Fotojagd an unserem freien Tag

Morgens ausschlafen, entspannt aufstehen und frühstücken und danach den Tag selbst so gestalten, wie man sich das vorstellt. Solche Tage gibt es bei KUS fast gar nicht. Heute war einer der Tage, an an dem wir uns aussuchen durften, was wir machen wollten. Zur Auswahl standen eine Wanderung, eine Fototour oder freie Zeit hier auf dem Hotelgelände oder in Viñales. Wir beide beschlossen, uns der Fototour anzuschließen, bei der wir und fünf andere KUSis und Falk entspannt herumlaufen und Dinge fotografieren wollten.

Wir durften alle etwas länger schlafen und mussten erst um 8.30 Uhr zum Frühstück kommen. Danach begannen wir über die Hotelanlage zu laufen, Motive zu suchen und neue Perspektiven auszuprobieren. Die ersten Motive waren Pferde, die hinter den Hütten standen und eine sehr große, mit Dinosauriern bemalte Felswand. Alle hatten verschiedene Herangehensweisen und viel Spaß mit den Kameras. Die nächsten Motive waren ein Schwein und dann unsere und etwas ältere, zerfallene Hütten sowie die Bänke, die zwischendrin standen. Falk stand uns immer zur Seite, gab uns Tipps, Verbesserungsvorschläge oder neue Ideen, wenn wir nicht mehr weiterwussten.

Nach etwas mehr als einer Stunde saßen wir alle in einem Kreis und zeigten uns unser bestes Bild und eines, was nicht so gelungen war. Wir tauschten uns darüber aus, warum das Bild besonders gut oder eben auch nicht so gut war, und bekamen wieder neue Tipps und Anregungen von Falk, aber gaben uns auch gegenseitig Feedback. Der nächste Ort war der leere Pool, über den eine Brücke führte und der, zusammen mit den Sonnenschirmen aus Palmenwedeln und den Stühlen, ein sehr schönes Bild darbot. Nachdem wir alle Ecken und Enden des Pools erkundet und fotografiert hatten, setzten wir uns in den Schatten, unterhielten uns und zogen noch für eine letzte Runde vor dem Mittagessen los. Bei dieser probierten wir den Modus „Selektivfarbe“ aus, bei dem das ganze Bild schwarzweiß ist (bis auf eine ausgewählte Farbe). Es machte uns allen sehr viel Spaß, bestimmte Farben zu suchen, mit Perspektiven herumzuspielen und Schnappschüsse zu erstellen.

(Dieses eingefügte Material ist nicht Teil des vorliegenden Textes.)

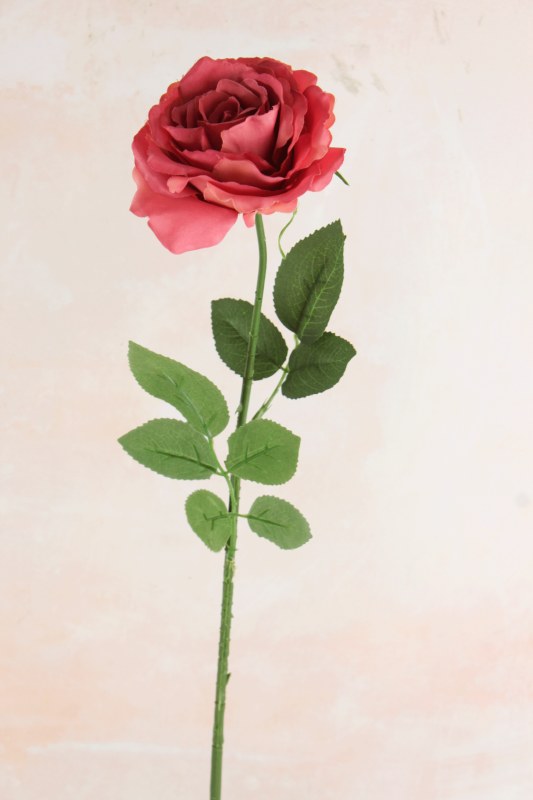 Picture of Faux Single Stem Rose Pink 63cm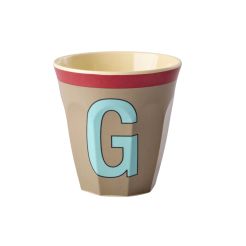 RICE Buchstabenbecher „G“ beige-rot 250 ml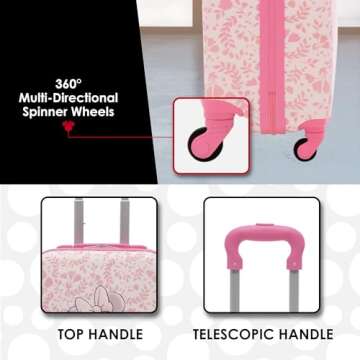 FUL Unisex Kid's Disney Minnie Mouse 21 Inch Carry On Luggage, Hardshell Rolling Suitcase with Spinner Wheels, Pink-Floral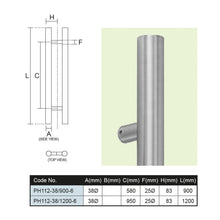 Load image into Gallery viewer, ES'TECH Stainless Steel Pull Handle SUS304 PH112
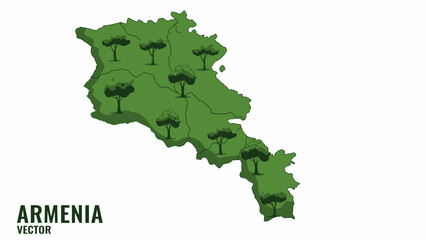 Green Armenia Map Illustration Showcasing Natural Beauty and Tree Conservation Effort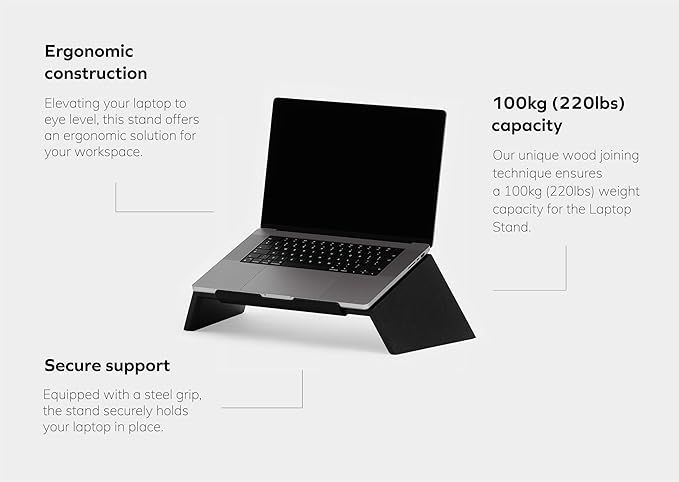 Oakywood Wooden Slanted Laptop Stand for Desk - Convenient Riser & Holder - Ergonomic Wood Stand - 45x22x14cm - for 13-14" Laptops Black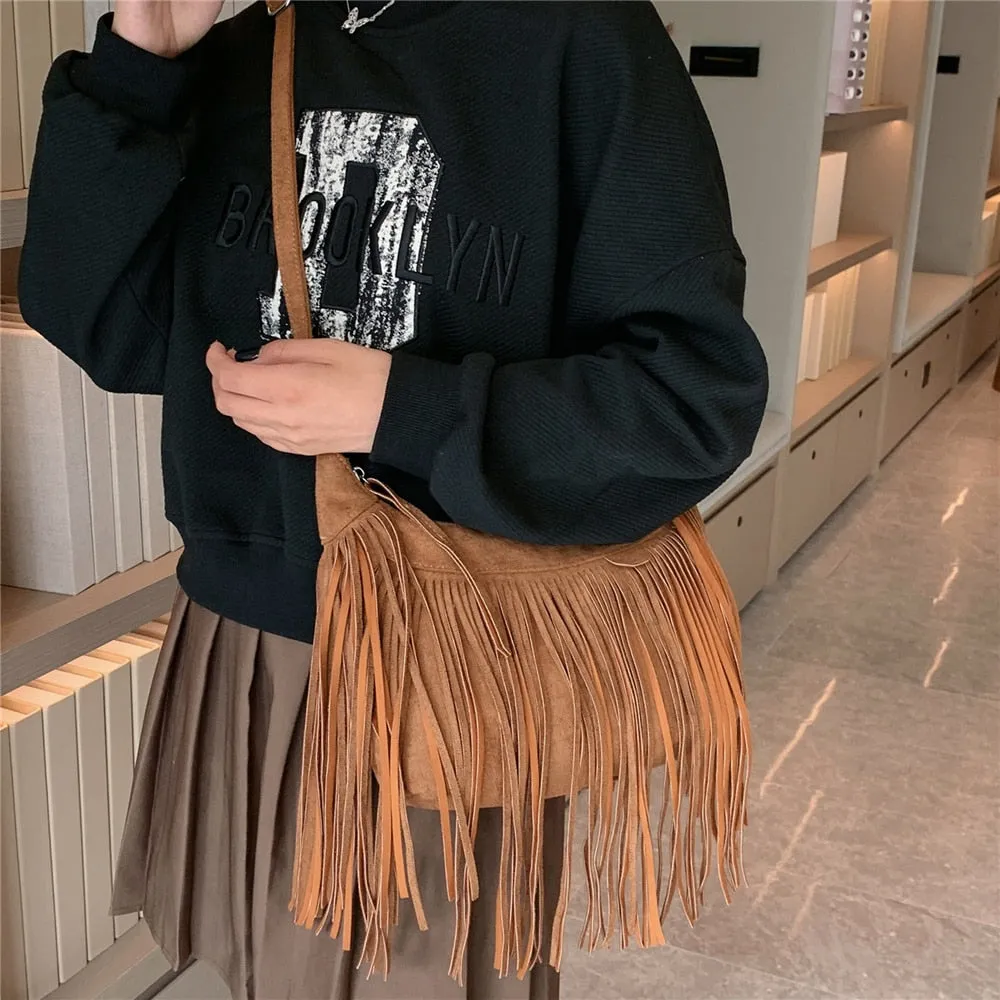 Women's Vintage Tassel Half Moon Fringe Shoulder Crossbody Handbag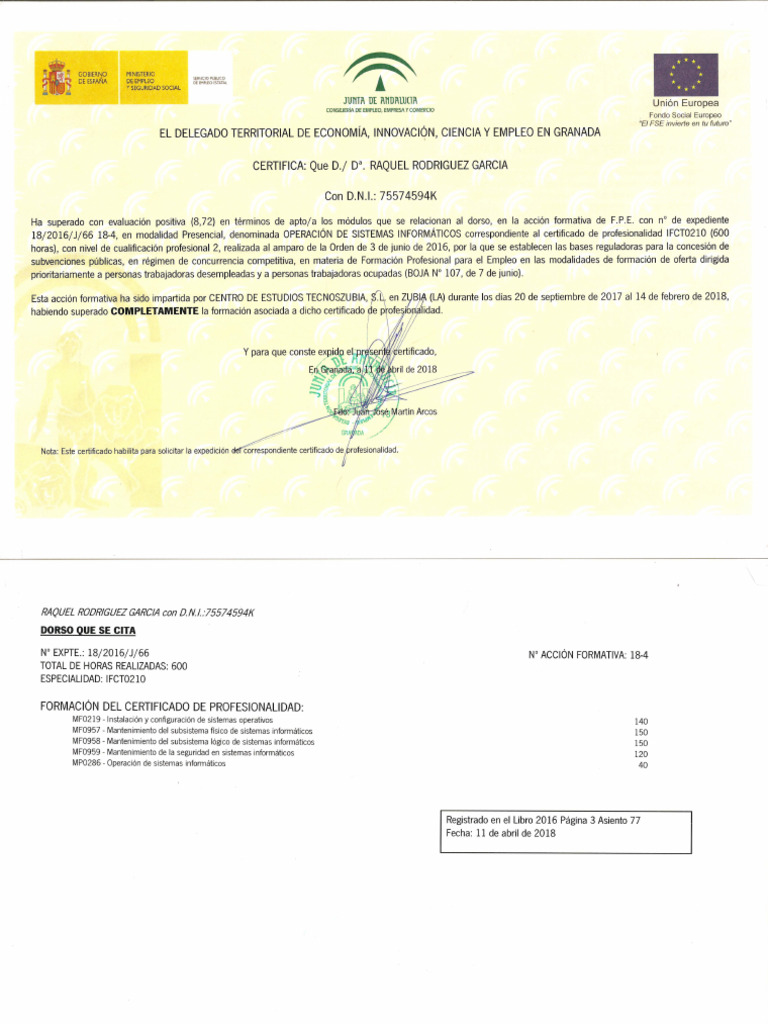 Certificado Curso Informatica Pdf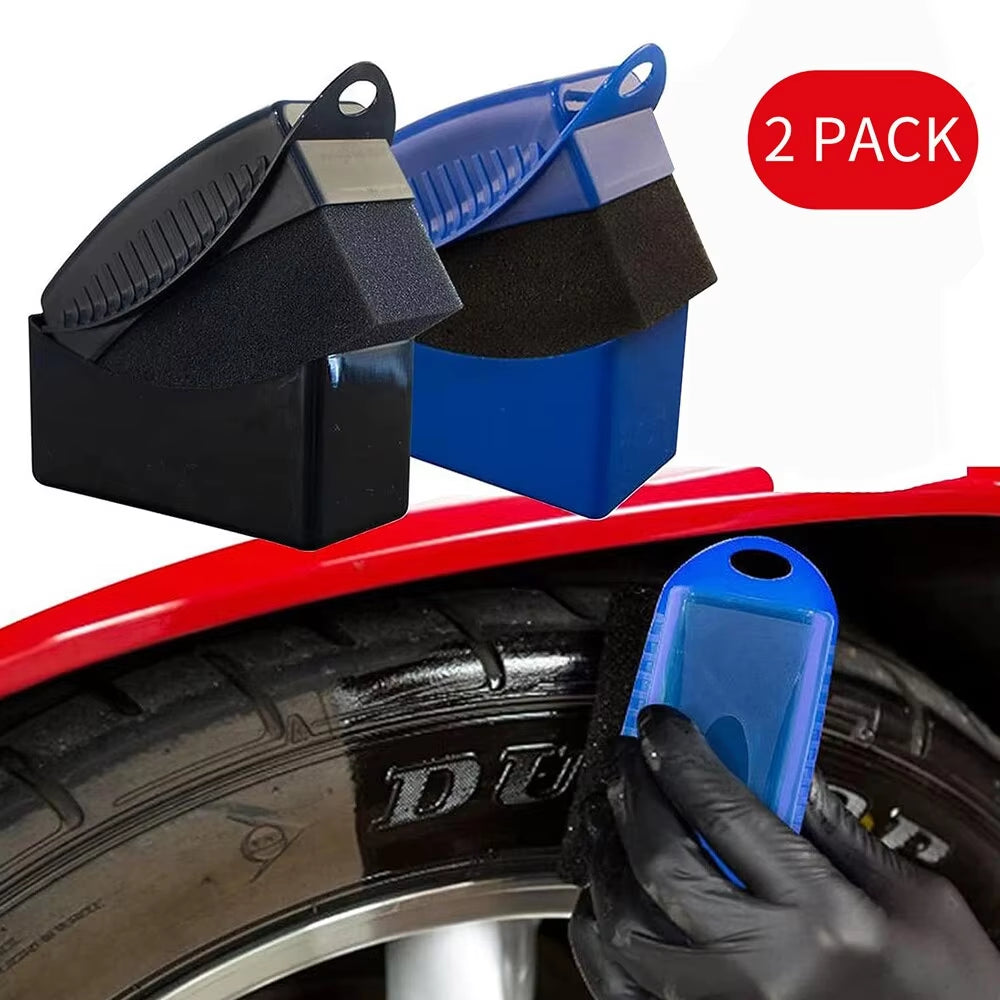 2Piece Car Tires Waxing Polishing Cleaning Wipe Washing Tire Tyre Wheel Rim Trim Contour Detailing Dressing Shine Pad Sponge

Nach dem Mittagessen zogen wir mit unseren Fahrrädern in Richtung Stadt los und hielten auf dem Weg mehrmals an, um beispielsweise einen Ochsenkarren zu fotografieren. In der Stadt trennten wir uns von Falk und gingen auf den Handwerksmarkt, bei dem sich ein paar von uns Souvenirs kauften. Danach liefen wir mit unseren Fahrrädern die Straße entlang, schauten uns von außen die Kirche an und gingen in einen Supermarkt, um Getränke zu kaufen. Danach gingen wir noch in einen weiteren Supermarkt, deckten uns mit Snacks ein und kauften uns noch ein Eis pro Person. So hatten wir nach kurzer Zeit – knapp 700 ml Cola, einem Eis und zwei Toffeestückchen pro Person – einen ziemlichen Zuckerschock. Trotzdem oder deswegen waren wir super gelaunt und lachten über jeden Witz.

Ein Ziel, das wir für den Tag noch hatten, war es, Oldtimer und Pferdekutschen zu fotografieren. So machten wir uns auf, ein Stückchen aus der Stadt hinaus und stellten bzw. setzten uns an den Straßenrand. Wie auf der Thor teilten wir einen Steuerbord- und einen Backbordausguck ein. Dieser gab allerdings immer dann Bescheid, wenn sich ein altes Motorrad, ein Oldtimer oder eine schöne Pferdekutsche näherte. Wir wurden nicht nur einmal komisch angeschaut, weil wir länger als eine halbe Stunde am Straßenrand herumlungerten und immer, wenn auch nur ein Fahrrad vorbeifuhr, zu fünft mit den Kameras in der Hand dastanden und Fotos machten. Es machte aber viel Spaß. Nebenbei aßen wir noch mehr Nüsse und Kekse und zeigten uns gegenseitig unsere besten Bilder.

Kurz bevor wir zurück zum Hotel aufbrachen, kam zum krönenden Abschluss eines wirklich schönen Tages noch ein wunderschöner roter Oldtimer angefahren, den wir mit fünf Kameras empfingen und der das letzte Motiv einer Reihe von vielen verschiedenen Fotomotiven des Tages war.